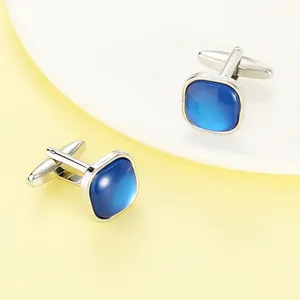 Macro detail of silver square cufflinks featuring blue cat-eye stone inlay and polished finish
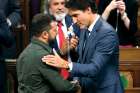 Ukrainian President Volodymyr Zelensky is greeted by Prime Minister Justin Trudeau following his speech in the House of Commons Sept. 22.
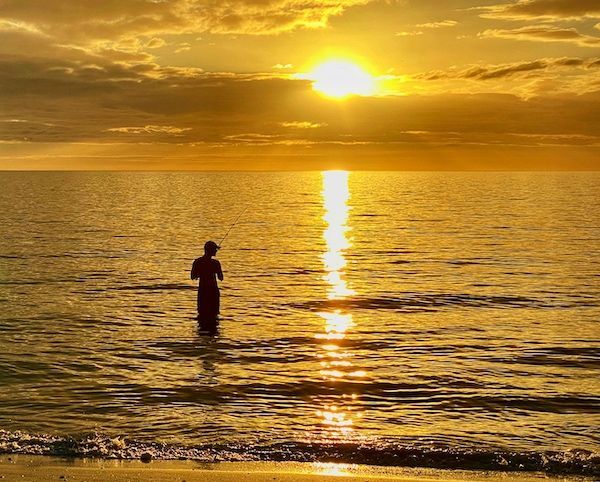 A person is standing in the ocean at sunset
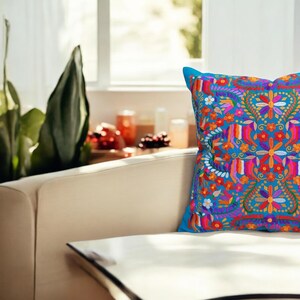 May include: A blue throw pillow with a colorful embroidered floral pattern. The pillow is on a white couch.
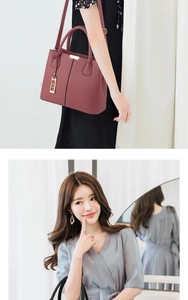Detailed view of a dark burgundy pebble grain handbag and an elegant light blue V-neck dress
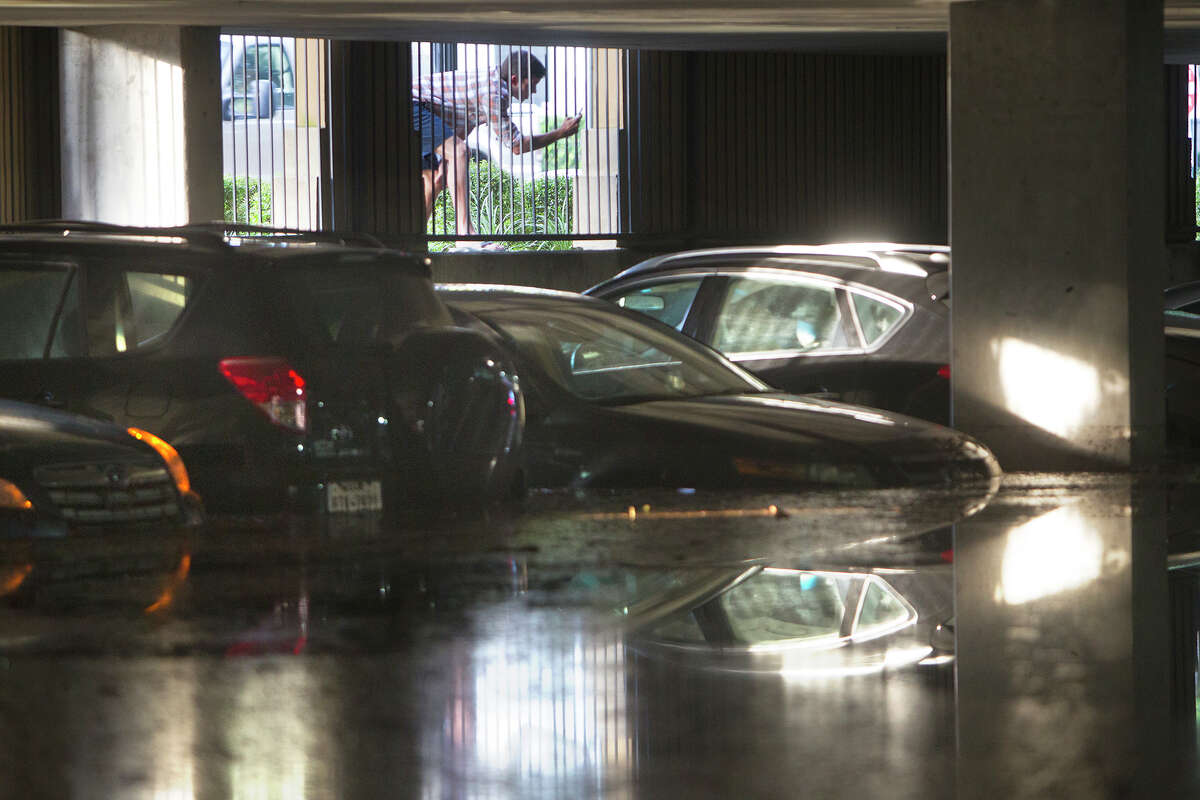 A man takes photos of cars as they sit in the Calais at Cortlandt Square apartment's parking garage after it flooded, Friday, Aug. 1, 2014, in Houston.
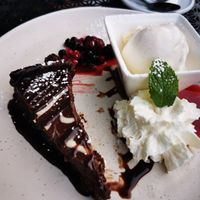 Vegan choc cake (moved to the side away from my partners non vegan cream and ice cream!)  at Guy's Bar in Clifden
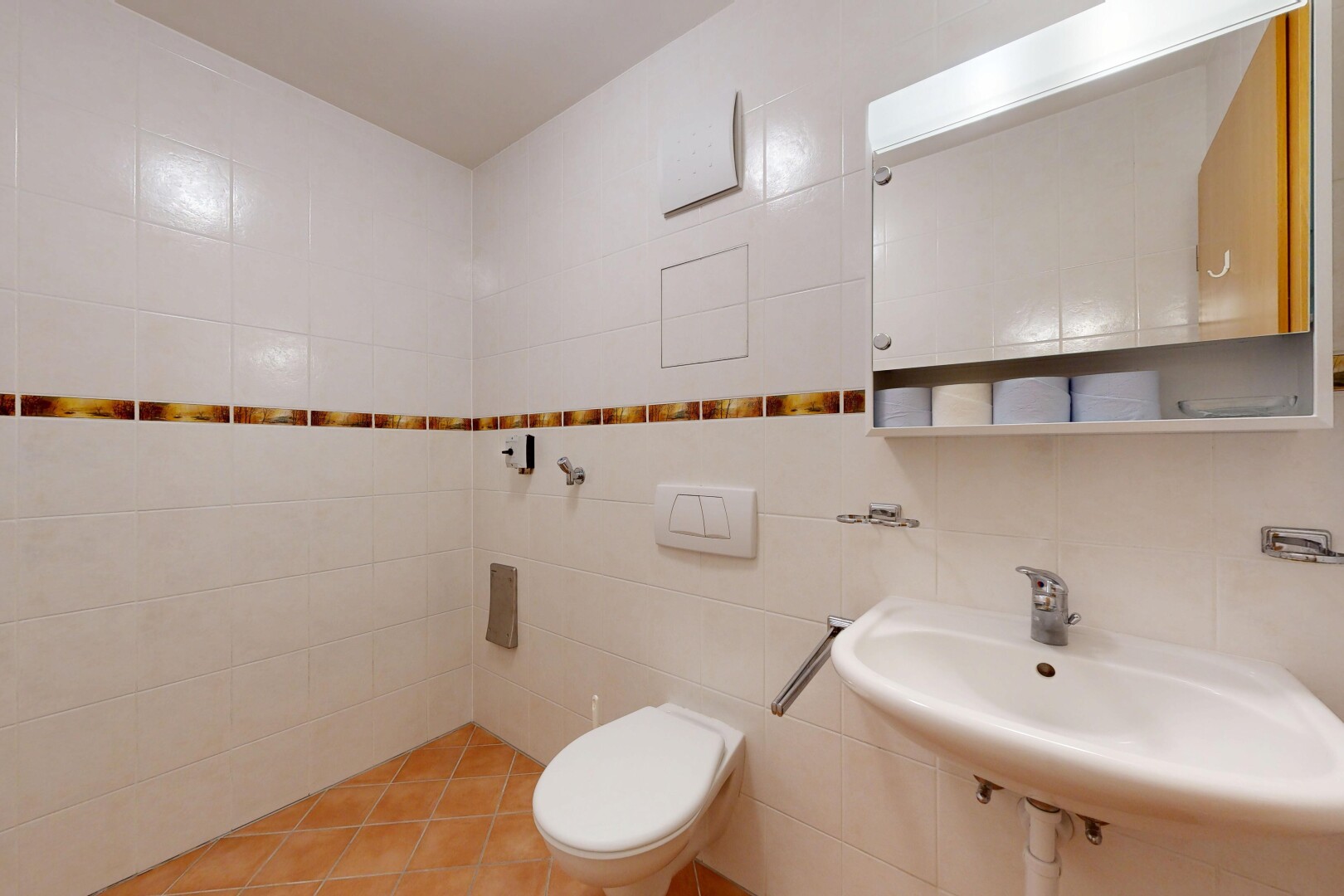 bathroom with a sink and tile walls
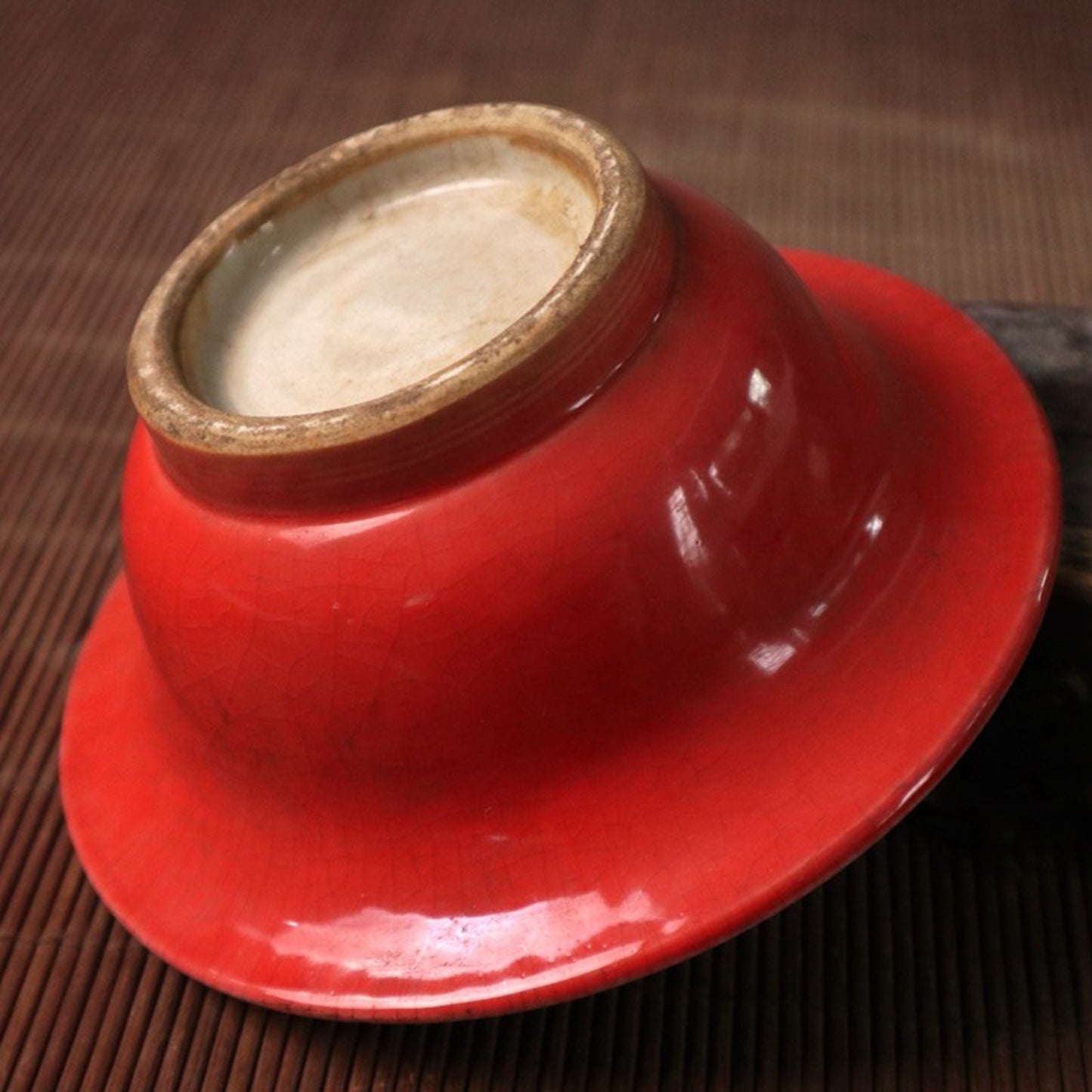 Small bowl with blue, white, and red glazed branches and lotus patterns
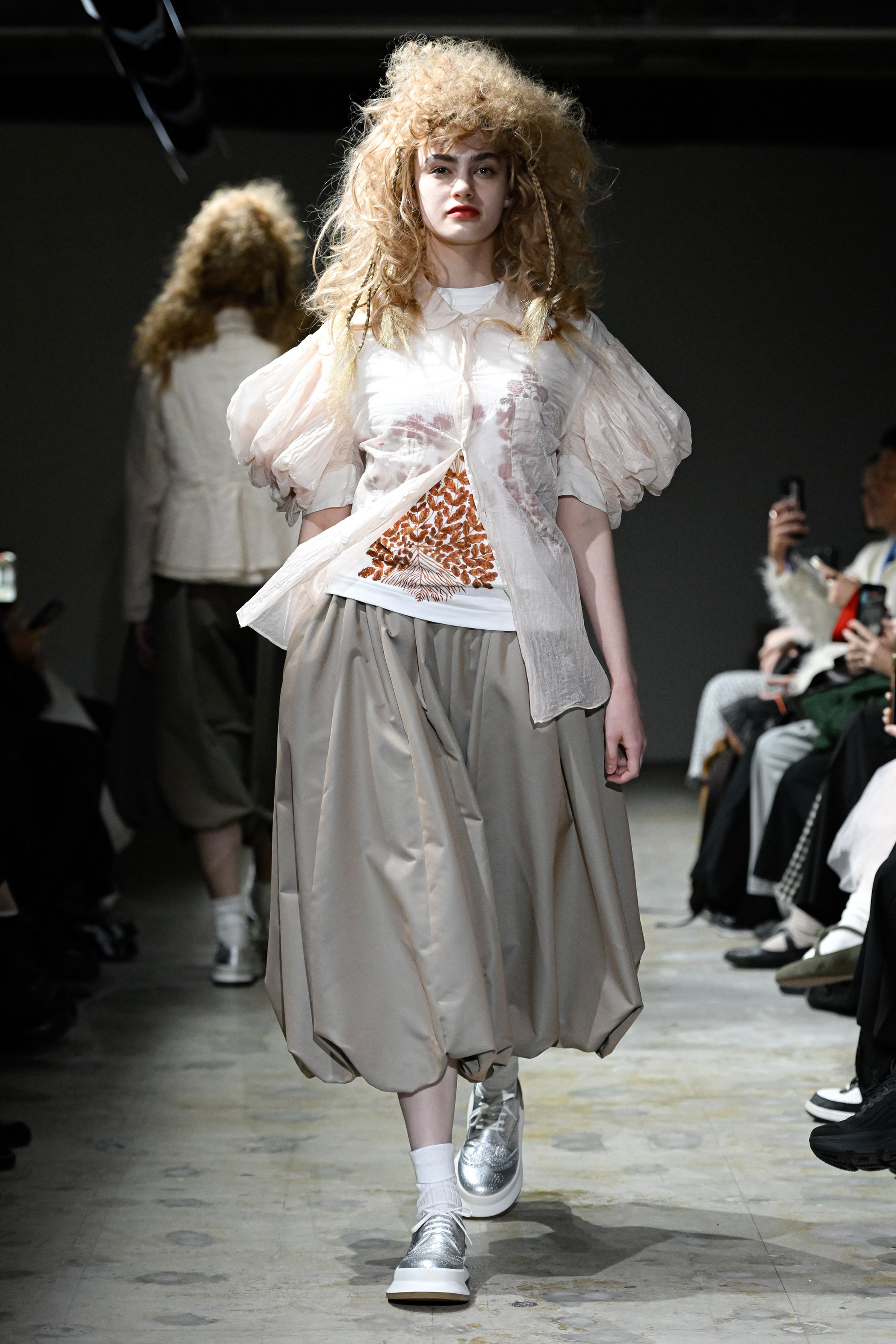 Fashion model wearing a tao SS26 outfit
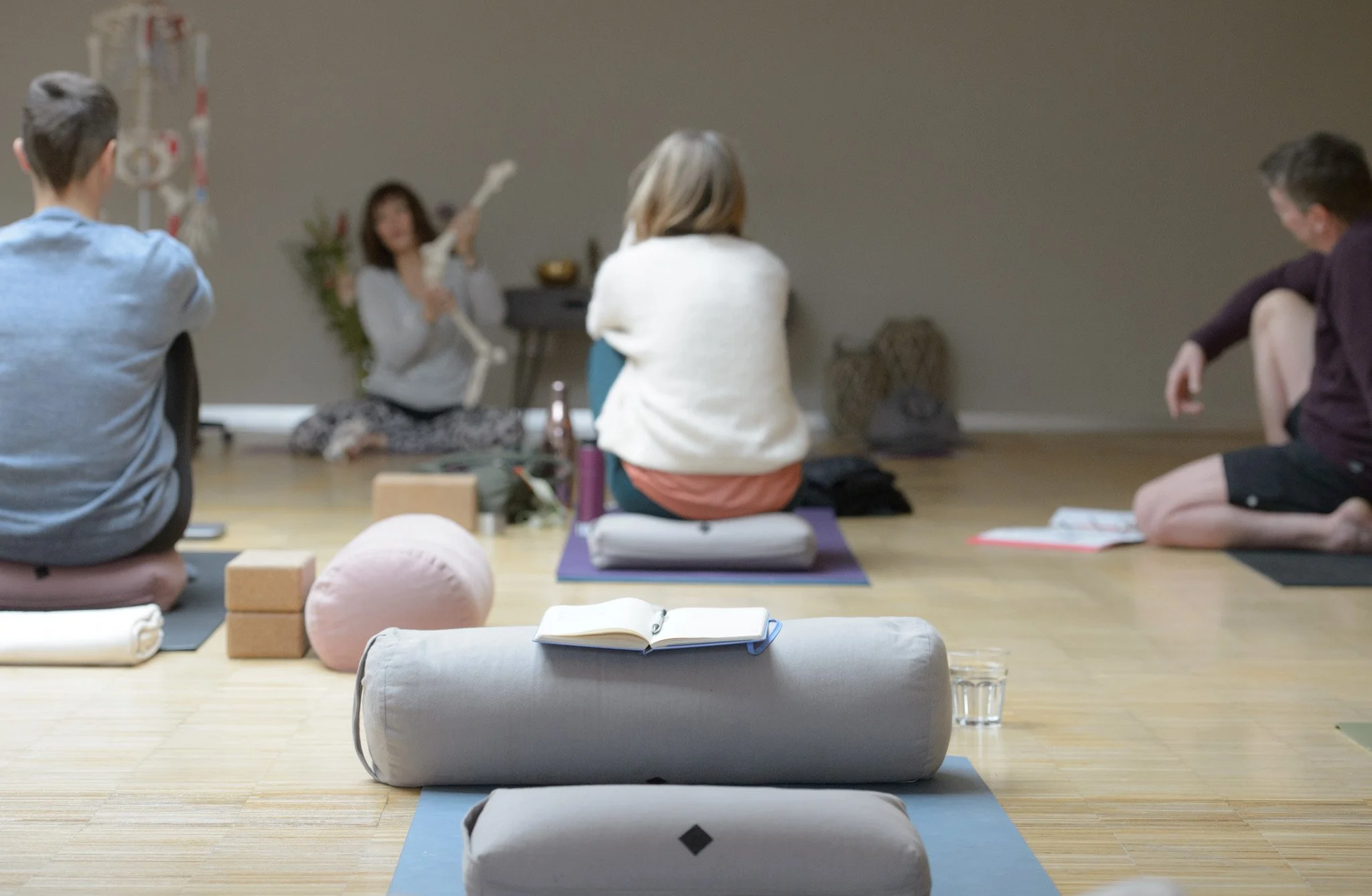 Menschen, die an einem Yogakurs oder einer Meditation im Raum teilnehmen, mit einer Frau in der vorderen Mitte, die eine Knochen-Inflationspuppe hält.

▶ [Directions] An exact copy of the listing above is to be set down, with no pictures in it.

▶ [Task solution]
 Macro detail of silver square cufflinks featuring blue cat-eye stone inlay and polished finish
 Ukrainian President Volodymyr Zelensky is greeted by Prime Minister Justin Trudeau following his speech in the House of Commons Sept. 22.
 A person is standing in the ocean at sunset
 May include: A blue throw pillow with a colorful embroidered floral pattern. The pillow is on a white couch.
Detailed view of a dark burgundy pebble grain handbag and an elegant light blue V-neck dress
 A man takes photos of cars as they sit in the Calais at Cortlandt Square apartment's parking garage after it flooded, Friday, Aug. 1, 2014, in Houston.
 Vegan choc cake (moved to the side away from my partners non vegan cream and ice cream!)  at Guy's Bar in Clifden
 bathroom with a sink and tile walls
 Small bowl with blue, white, and red glazed branches and lotus patterns
 Fashion model wearing a tao SS26 outfit
 Menschen, die an einem Yogakurs oder einer Meditation im Raum teilnehmen, mit einer Frau in der vorderen Mitte, die eine Knochen-Inflationspuppe hält.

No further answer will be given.